NeutralA stock rated as "Neutral" is expected to perform in line with the overall market or a specific benchmark. This rating indicates that the stock is neither particularly attractive nor unattractive for investment. Investors may consider holding onto the stock, as it is not expected to either significantly outperform or underperform the market.
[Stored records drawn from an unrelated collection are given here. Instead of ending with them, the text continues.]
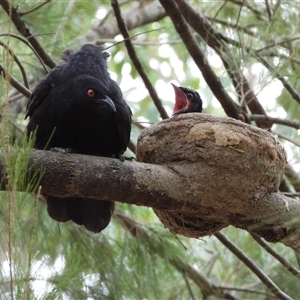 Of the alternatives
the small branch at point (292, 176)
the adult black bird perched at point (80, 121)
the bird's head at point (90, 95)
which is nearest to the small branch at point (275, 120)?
the small branch at point (292, 176)

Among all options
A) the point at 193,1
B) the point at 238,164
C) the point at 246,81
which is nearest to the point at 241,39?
the point at 246,81

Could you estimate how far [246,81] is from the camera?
4484 mm

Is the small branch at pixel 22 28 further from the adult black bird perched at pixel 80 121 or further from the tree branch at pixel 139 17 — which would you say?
the tree branch at pixel 139 17

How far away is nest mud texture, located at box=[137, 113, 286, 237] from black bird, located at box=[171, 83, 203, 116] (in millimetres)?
994

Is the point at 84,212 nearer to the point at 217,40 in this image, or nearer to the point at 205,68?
the point at 205,68

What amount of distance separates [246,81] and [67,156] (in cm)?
189

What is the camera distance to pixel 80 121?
11.6 feet

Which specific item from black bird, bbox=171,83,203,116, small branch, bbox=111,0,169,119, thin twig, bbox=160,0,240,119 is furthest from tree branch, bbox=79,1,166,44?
small branch, bbox=111,0,169,119

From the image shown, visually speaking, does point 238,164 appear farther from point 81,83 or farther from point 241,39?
point 241,39

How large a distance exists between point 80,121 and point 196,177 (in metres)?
0.71

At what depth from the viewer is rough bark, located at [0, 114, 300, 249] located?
2941 mm

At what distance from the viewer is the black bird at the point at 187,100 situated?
4668mm

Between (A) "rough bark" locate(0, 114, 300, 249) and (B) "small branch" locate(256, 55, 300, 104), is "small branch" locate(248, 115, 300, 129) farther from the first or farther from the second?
(A) "rough bark" locate(0, 114, 300, 249)

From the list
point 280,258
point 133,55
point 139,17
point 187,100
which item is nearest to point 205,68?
point 187,100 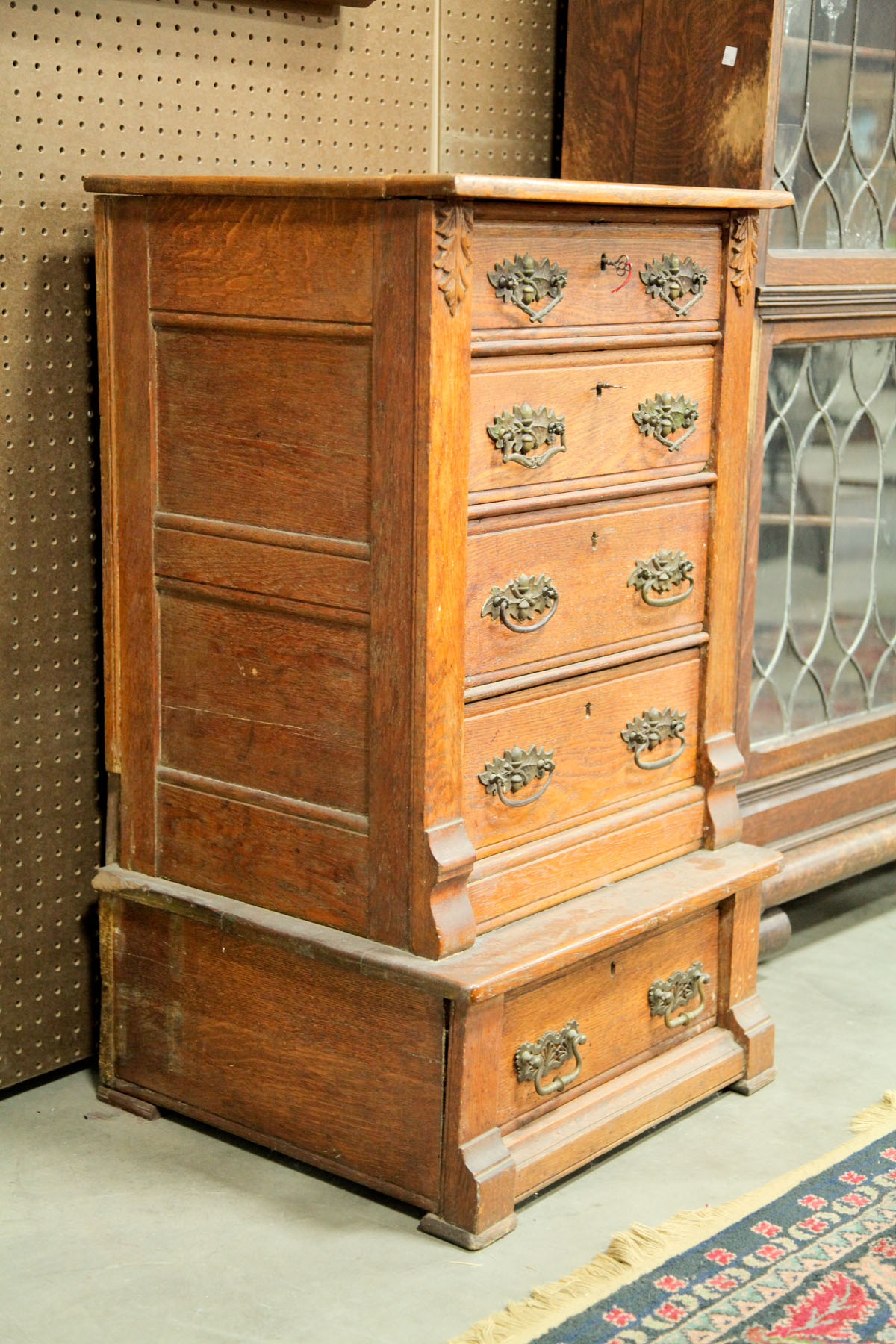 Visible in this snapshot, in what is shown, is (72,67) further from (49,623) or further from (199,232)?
(49,623)

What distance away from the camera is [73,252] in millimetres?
2469

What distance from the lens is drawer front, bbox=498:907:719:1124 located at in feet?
7.57

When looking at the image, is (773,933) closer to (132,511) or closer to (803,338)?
(803,338)

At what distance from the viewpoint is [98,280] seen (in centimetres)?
238

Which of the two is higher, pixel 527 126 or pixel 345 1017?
pixel 527 126

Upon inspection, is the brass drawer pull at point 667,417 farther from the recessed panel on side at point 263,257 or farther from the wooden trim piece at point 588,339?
the recessed panel on side at point 263,257

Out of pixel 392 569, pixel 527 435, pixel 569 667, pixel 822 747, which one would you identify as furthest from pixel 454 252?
pixel 822 747

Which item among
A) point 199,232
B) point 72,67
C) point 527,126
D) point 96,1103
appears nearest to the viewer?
point 199,232

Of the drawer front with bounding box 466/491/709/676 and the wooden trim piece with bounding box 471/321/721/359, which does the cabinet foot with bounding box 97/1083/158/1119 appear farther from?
the wooden trim piece with bounding box 471/321/721/359

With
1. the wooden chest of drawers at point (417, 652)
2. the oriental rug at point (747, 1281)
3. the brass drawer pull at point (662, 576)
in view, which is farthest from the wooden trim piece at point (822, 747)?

UnderperformA stock rated as "Underperform" is expected to perform worse than the overall market or a specific benchmark over the near-to-medium term. This rating suggests that the stock may deliver lower returns compared to the average returns of other stocks in the same sector or market index. Investors might consider selling the stock or avoiding it as an investment.

Disclaimer

This AI Analyst Stock Report is automatically generated by our AI systems using advanced algorithms and publicly available financial, technical, and market data. While the information provided aims to be accurate and insightful, it is intended for informational purposes only and should not be considered financial advice. Any content created by an AI (Artificial Intelligence) system may contain inaccuracies and/or contain errors. Investing in stocks carries inherent risks, and past performance is not indicative of future results. This report does not account for your personal financial circumstances, objectives, or risk tolerance. Always conduct your own research or consult with a qualified financial advisor before making investment decisions. The analysis and recommendations provided are based on historical and current data and may not fully reflect future market conditions or unexpected developments. Neither the creators of this report nor its affiliated entities guarantee the accuracy, completeness, or reliability of the information presented. Use this report at your own discretion and risk.